An einem Morgen im vergangenen Frühjahr rangen die Mitarbeiter von Empirica mit einem haarigen Problem, das mit der Wurzel von n zusammenhing, wobei n gleich der Zahl einer zufälligen Menge von Beobachtungen war; die Frage lautete, welchen Einfluss n auf den Optimismus von Spekulanten hatte. Taleb stand neben der Tür und kritzelte mit einem quietschenden Marker hastig mögliche Lösungen an eine Tafel. Spitznagel und Pallop sahen aufmerksam zu. Spitznagel ist blond, kommt aus dem Mittleren Westen der Vereinigten Staaten und treibt Yoga. Im Gegensatz zu Taleb wirkt er ruhig und ausgeglichen. In einer Kneipe würde Taleb einen Streit anzetteln, und Spitznagel würde ihn schlichten. Pallop stammt von thailändischen Eltern ab und promoviert in Princeton zum Thema Finanzmathematik. Er hat längere, schwarze Haare und blickt ein wenig fragend drein. »Pallop ist faul«, bemerkte Taleb mehrmals im Laufe des Tages, ohne irgendjemanden direkt anzusprechen, wobei er diesen Vorwurf mit solcher Zärtlichkeit aussprach, dass man meinen könne, Faulheit sei in Talebs Welt gleichbedeutend mit Genialität. Pallop rührte so gut wie nie seinen Computer an, er hatte seinen Stuhl oft umgedreht und blickte zum Fenster hinaus. Er las ein Buch der Kognitionspsychologen Amos Tversky und Daniel Kahneman, doch er war ein wenig enttäuscht von ihren Ausführungen, da sie »nicht quantifizierbar« seien.

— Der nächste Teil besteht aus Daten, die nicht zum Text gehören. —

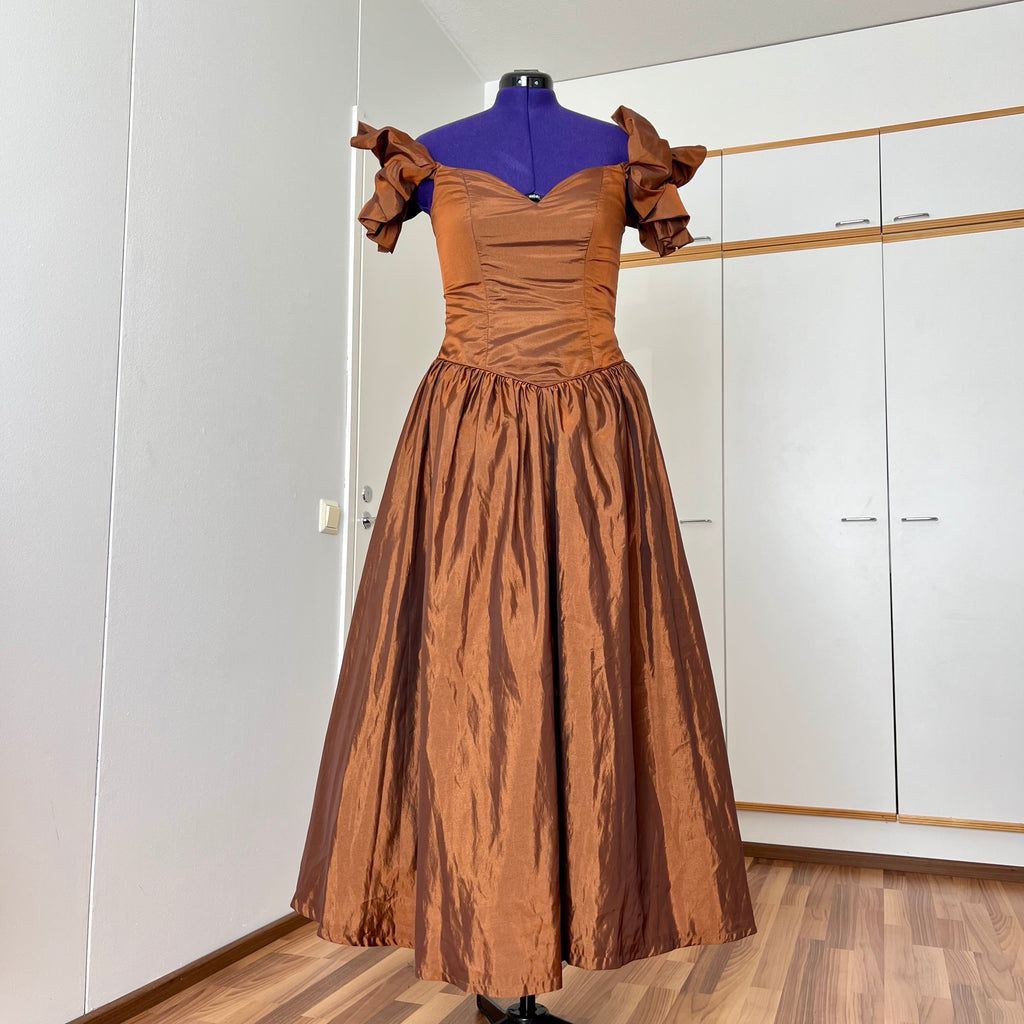 1980s JOHN CHARLES Metallic Gown-Off Shoulder Basque Waist Cocktail Dress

Die drei diskutierten hin und her. Taleb schien mit seiner Lösung falsch zu liegen, doch ehe die Frage entschieden werden konnte, eröffneten die Märkte. Taleb kehrte an seinen Schreibtisch zurück und begann, sich mit Spitznagel darüber zu streiten, welche Musik er auflegen sollte. Spitznagel spielt Klavier und Horn und hatte sich zum DJ von Empirica aufgeschwungen. Er wollte eine Mahler-CD einlegen, doch Taleb konnte Mahler nicht ausstehen. »Mahler ist schlecht für die Volatilität!«, klagte er. »Bach ist gut. Die Matthäus-Passion!« Taleb zeigte auf Spitznagel, der einen grauen Wollrolli trug. »Schauen Sie sich ihn an. Er meint, er ist Karajan und technisch versierter als alle anderen. Kein Smalltalk. Spitzenskifahrer. Das ist Mark!« Während Spitznagel noch die Augen rollte, kam ein Mann ins Büro, den Taleb aus unerfindlichen Gründen Dr. Wu nennt. Dr. Wu arbeitet für einen anderen Hedgefonds im gleichen Gebäude und gilt als genial. Er ist dünn und schielt durch eine Brille mit schwarzem Gestell. Auf die Frage, was er von n hielt, verweigerte er jede Antwort. »Dr. Wu kommt, um sich Bücher auszuleihen und sich mit Mark über Musik zu unterhalten«, erklärte mir Taleb, nachdem der Besucher wieder verschwunden war. »Er ist Mahlerfan«, fügte er finster hinzu.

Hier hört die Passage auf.